One question I have is why Trumbo's fellow writers, and fellow jailbirds, on the Hollywood Ten are barely mentioned in the movie. Instead, Louis C.K. impersonates a fictional screenwriter with whom Trumbo trades quips and debates strategy. And while it is true that Louis B. Mayer resisted the blacklist at first, I wonder if even Hopper would have addressed him with that most hateful of anti-Semitic epithets to force him to go along with it. Maybe she did.
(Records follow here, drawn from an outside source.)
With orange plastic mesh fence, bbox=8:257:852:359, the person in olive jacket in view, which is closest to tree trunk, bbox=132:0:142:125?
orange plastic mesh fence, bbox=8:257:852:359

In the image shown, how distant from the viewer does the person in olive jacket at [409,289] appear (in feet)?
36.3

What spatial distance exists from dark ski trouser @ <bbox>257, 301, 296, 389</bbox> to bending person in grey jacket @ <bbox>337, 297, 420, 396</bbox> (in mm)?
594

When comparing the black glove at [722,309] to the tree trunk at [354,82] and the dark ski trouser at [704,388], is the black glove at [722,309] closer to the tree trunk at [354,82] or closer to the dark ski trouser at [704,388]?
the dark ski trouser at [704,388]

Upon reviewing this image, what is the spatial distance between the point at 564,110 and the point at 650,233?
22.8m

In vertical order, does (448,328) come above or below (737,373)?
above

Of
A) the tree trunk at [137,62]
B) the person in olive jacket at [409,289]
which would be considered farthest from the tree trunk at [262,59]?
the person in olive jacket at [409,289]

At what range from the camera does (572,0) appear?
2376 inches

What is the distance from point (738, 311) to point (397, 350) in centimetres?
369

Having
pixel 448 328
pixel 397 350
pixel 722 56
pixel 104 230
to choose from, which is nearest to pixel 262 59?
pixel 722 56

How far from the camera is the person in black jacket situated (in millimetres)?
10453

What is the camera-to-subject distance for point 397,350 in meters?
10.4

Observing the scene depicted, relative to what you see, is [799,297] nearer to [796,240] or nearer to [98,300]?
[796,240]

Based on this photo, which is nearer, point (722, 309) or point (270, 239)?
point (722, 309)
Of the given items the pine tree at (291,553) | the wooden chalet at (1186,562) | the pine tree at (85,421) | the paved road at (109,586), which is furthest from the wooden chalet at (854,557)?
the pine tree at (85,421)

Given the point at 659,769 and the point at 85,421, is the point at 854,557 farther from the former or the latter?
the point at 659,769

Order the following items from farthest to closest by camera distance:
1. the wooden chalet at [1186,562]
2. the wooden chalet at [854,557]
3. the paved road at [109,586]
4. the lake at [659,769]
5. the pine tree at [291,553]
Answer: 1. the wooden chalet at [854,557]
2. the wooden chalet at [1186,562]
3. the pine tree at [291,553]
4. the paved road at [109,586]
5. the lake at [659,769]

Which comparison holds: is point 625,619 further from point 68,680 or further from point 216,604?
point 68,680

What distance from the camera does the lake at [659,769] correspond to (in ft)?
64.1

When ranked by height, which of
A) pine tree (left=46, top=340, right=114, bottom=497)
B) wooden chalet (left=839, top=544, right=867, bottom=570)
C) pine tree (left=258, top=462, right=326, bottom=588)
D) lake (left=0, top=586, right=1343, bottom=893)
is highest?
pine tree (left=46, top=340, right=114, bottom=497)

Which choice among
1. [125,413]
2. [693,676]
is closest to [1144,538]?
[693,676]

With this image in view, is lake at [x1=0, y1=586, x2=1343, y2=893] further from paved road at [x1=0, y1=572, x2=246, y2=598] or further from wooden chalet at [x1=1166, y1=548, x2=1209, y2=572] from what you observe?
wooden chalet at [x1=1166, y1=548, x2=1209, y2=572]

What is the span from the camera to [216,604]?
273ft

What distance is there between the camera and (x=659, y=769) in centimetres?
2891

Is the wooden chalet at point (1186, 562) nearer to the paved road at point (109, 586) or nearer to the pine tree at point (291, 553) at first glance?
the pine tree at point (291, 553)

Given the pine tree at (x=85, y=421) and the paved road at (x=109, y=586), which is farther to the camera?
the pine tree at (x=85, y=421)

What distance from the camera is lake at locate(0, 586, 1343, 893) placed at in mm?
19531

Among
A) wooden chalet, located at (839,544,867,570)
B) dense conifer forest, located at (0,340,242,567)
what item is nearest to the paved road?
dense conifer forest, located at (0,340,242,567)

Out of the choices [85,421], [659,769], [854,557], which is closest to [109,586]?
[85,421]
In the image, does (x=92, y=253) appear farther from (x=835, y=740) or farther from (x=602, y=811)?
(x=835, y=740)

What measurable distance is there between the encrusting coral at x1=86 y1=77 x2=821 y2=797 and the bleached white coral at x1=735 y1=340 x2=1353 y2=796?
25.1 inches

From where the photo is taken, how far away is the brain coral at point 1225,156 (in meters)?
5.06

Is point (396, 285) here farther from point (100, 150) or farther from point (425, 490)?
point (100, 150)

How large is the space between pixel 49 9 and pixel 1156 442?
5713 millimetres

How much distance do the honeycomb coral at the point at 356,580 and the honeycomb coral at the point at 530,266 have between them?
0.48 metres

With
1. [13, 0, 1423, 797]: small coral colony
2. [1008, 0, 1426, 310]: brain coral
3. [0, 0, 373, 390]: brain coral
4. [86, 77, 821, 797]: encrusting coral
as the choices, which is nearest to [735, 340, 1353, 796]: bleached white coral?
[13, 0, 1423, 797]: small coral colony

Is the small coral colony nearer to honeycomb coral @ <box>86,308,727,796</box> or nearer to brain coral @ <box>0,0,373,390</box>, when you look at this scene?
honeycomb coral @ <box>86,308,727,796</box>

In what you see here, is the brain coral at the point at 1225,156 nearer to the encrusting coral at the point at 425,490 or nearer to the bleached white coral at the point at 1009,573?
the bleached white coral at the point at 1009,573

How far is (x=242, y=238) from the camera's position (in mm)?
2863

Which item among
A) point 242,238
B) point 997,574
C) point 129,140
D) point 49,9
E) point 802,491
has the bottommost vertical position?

But why nitpick? "Trumbo" tells a great story with great verve. It also contains one of the funniest lines in the movies this year. It comes when Kirk Douglas responds to an ultimatum given by a studio head on the set of "Spartacus." I won't spoil it for you. This is a movie that demands to be seen, whether you know who Dalton Trumbo is or not.
Ron Rapoport is the author, with Betty Garrett, of Betty Garrett and Other Songs: A Life on Stage and Screen.